Già, ma ce n’è uno più speciale degli altri? Il gol contro la Romania rappresenta l’emozione più forte, ma riservo un posto particolare anche per eventi come il primo pareggio, lo 0-0 in casa con la Turchia, o per la gara nel mitico stadio di Wembley, o per quella con l’Olanda dei fuoriclasse all’Amsterdam Arena, che peraltro il Tulipani “inaugurarono” proprio quella sera contro di noi. Era il marzo 1997 e disputavamo le qualificazioni al Mondiale dell’anno successivo.”

Insomma, una carriera piena di tappe memorabili. Ma che a livello di club, per il mancino Pasolini, si svolse prevalentemente fuori dai confini nazionali. “Giocavo da trequartista o da esterno alto a sinistra. Poi, negli ultimi anni, mi sono trasformato in una centrocampista centrale. Usavo prevalentemente il piede mancino ed avevo una buona tecnica. Ho sempre giocato in Italia fino alla parte finale della mia carriera. A 15 anni sono andato al Rimini dove ho fatto tutta la trafila delle giovanili fino alla formazione Primavera, nella quale ho giocato due anni. Poi mi sono trasferito al Real Montecchio prima di passare al San Marino. Dopo una parentesi alla Juvenes, ho giocato sei anni al Ponte Verucchio, ed infine sono tornato alla ‘casa madre’ Cosmos, società per la quale ero sempre stato tesserato e della quale sono attualmente dirigente.

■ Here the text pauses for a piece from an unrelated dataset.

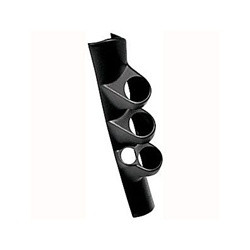 Auto Meter 17107 Triple Gauge Pillar w/ Speaker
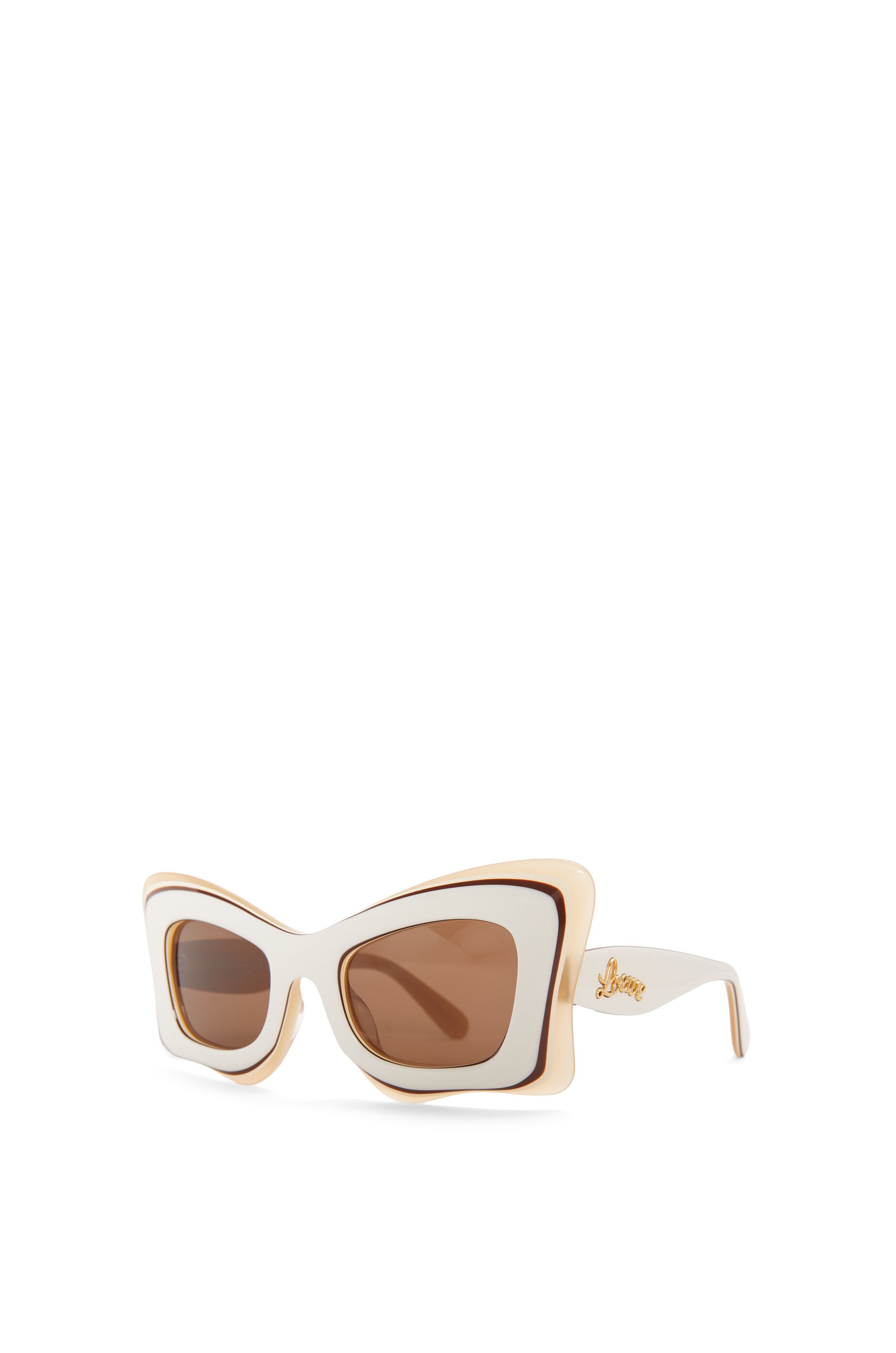 Multilayer Butterfly sunglasses in acetate - 2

Ora che il calcio è temporaneamente fermo, gettare uno sguardo nostalgico al passato è lecito. Anche per Valdes. Ma senza con questo rinunciare ad una prospettiva futura che abbracci non solo l’amato Cosmos, ma tutto il calcio di casa nostra. “Proprio in questo periodo, essendo costretto a casa come tutti, ho voluto riguardarmi le maglie cheho ricevuto dagli avversari quando, a fine partita, ce le scambiavamo. La situazione che stiamo vivendo è molto brutta, ma mi auguro che possa risolversi al più presto. Per il bene di tutti. E per il bene anche del calcio sammarinese, che sta crescendo anno dopo anno. Resta molto da fare, ma credo che la strada sia quella giusta e, ad emergenza finita, bisognerà riprendere quel filo, continuare a lavorare così, puntando ad un miglioramento continuo e mantenendo un’attenzione particolare sul nostro settore giovanile.”